January 25, 2008
A host of big-name chefs and restaurateurs are adding star power to the Tokyo dining scene
Originally published on metropolis.co.jp on January 2008Paul Bocuse After a rocky debut at Brasserie Paul Bocuse Le Musée in Roppongi (which our reviewer called “joyless”), the renowned French chef recovered nicely at two eateries across town. In the new Marronier Gate dining and shopping complex, visitors to Brasserie Paul Bocuse Ginza can enjoy prix fixe lunch menus starting at ¥4,500 while taking in views of the city from the stately 10th-floor dining room. At the chef’s newest restaurant in the Daimaru complex in Tokyo station, the menu features monthly specials, like chicken confit and lentil-and-bacon stew, available through the end of January. The interiors at all three restaurants are the work of celebrated Japanese designer Kisho Kurokawa.
Roppongi: 03-5770-8161. Ginza: 03-5159-0321. Daimaru: 03-5218-2211. See www.hiramatsu.co.jp for more info.
Francis Ford Coppola The director of such seminal American films as Apocalypse Now and The Godfather made diners an offer they couldn’t refuse with his debut eatery, located in Roppongi. Coppola’s Vinoteca offers reasonably priced wines from the filmmaker’s well-regarded Northern California vineyard, including a series named after his daughter (and Lost in Translation director), Sofia. The interior features a sinuous bar, open kitchen and glass-enclosed entryway lined with hundreds of bottles. The food menu complements the wine and includes simple pizzas, pasta and appetizers.
Tokyo Midtown, 9-7-4 Akasaka, Minato-ku. Tel: 03-5647-8301. Open daily 11am-3pm and 5pm-midnight. Nearest stn: Roppongi.

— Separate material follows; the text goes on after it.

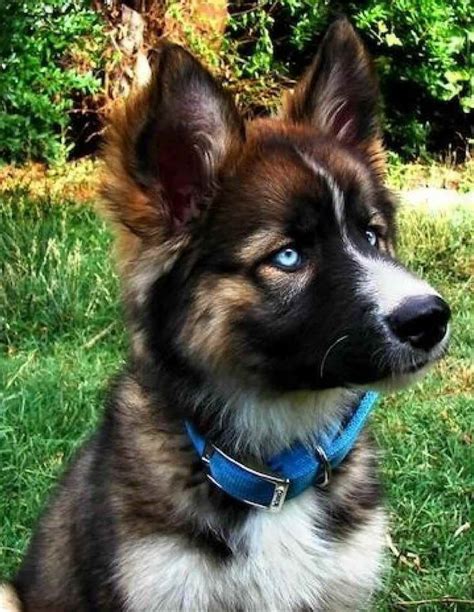 German and husky mix puppy. Written by Tamsin De La Harpe. Updated on April 12, 2024. Share. Imagine a dog that combines the striking intelligence of a German Shepherd with the playful spirit …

Terence Conran The elder statesman of modern design already operates two popular homewares shops in the city, but made his Tokyo restaurant debut with a trio of very different eateries. In Roppongi’s Midtown complex, Botanica occupies pride of place on the top floor, offering modern European fare (as well as good old roast beef) in an elegant yet unstuffy space. Downstairs at Noodle Workshop, visitors can mix and match a variety of pastas and sauces for around ¥1,000, an option that’s popular with local workers. Conran’s flagship Tokyo restaurant is the sumptuous Iconic, where well-heeled Ginza shoppers can enjoy a pricey lunch on the top floor of the new Velvia-kan complex.
Botanica: 03-5547-0561. Noodle Workshop: 03-5413-3280. Iconic: 03-3562-7500. See www.hiramatsu.co.jp for more info.

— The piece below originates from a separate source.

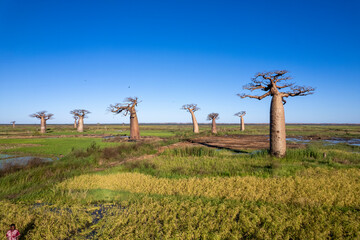 Boabab trees of Morombe, Soutwestern Madagascar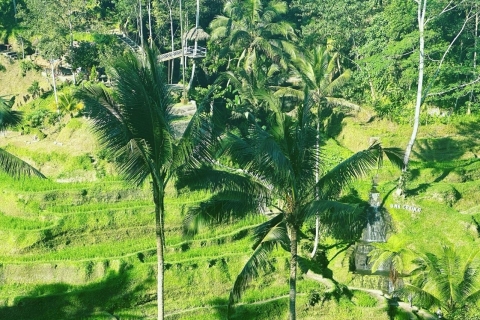 Bali ubud: apenbos, waterval, tempelBali ubud : mongkey bos, waterval, tempel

Bill Granger When Australian celebrity chef Bill Granger cooks breakfast, it’s not your typical start-of-the-day meal. Granger’s soft and creamy scrambled eggs and ricotta pancakes with honeycomb butter have been called the “World’s Best Breakfast” by the likes of the London Times. In October, when the chef brought his signature cooking to Tokyo at the limited-time-only Bills Café in Daikanyama, the lines stretched around the block. For 2008, the Aussie plans to open a full-time restaurant in March in Shonan.
Check http://bills-jp.net for updates.
Luke Mangan Australia’s best-known celebrity chef dazzled locals last spring with Salt (left), his debut Tokyo restaurant in the tony Shin-Marunouchi Building. Mangan, who began his empire with the original Salt in Sydney’s Kirketon Hotel and who trained with the likes of the Michelin-starred Marco-Pierre White, is also a caterer whose clients include the Danish Royal family. Salt’s menu marries Australian ingredients with an international spirit in such exuberant dishes like roasted lamb with white-anchovy crust and seared scallops with grilled eel, chorizo, ponzu, tabouleh and fresh apple. Oenophiles, meanwhile, will appreciate the 1,000-strong list of exclusively Down Under wines. An expat favorite and the perfect place for gustatory exploration, Salt was described as “Tokyo’s most exciting restaurant” by our reviewer in October.
6F Shin-Marunouchi Bldg, 1-5-1 Marunouchi. Tel 03-5288-7828. Open daily 11am-3:30pm and 5:30-11pm. Nearest stn: Tokyo or Nijubashimae. www.pjgroup.jp/salt
Patrice Martineau A veteran of such prestigious eateries as Daniel in New York (where he served as chef d’cuisine), Patrice Martineau arrived in Tokyo in early 2007 to head up Peter, located atop the sparkling new Peninsula Hotel. The 32-year-old native of Troyes, France, has made the 24th-floor destination a foodie hotspot, serving up dynamic international fare like foie gras terrine with poached rhubarb and grilled toro tuna with braised fennel and bottarga-shiso salad. The stunning interior, by North American design team Yabu Pushelberg, features floor-to-ceiling windows
and a classic Japanese color motif of deep purple and lavender.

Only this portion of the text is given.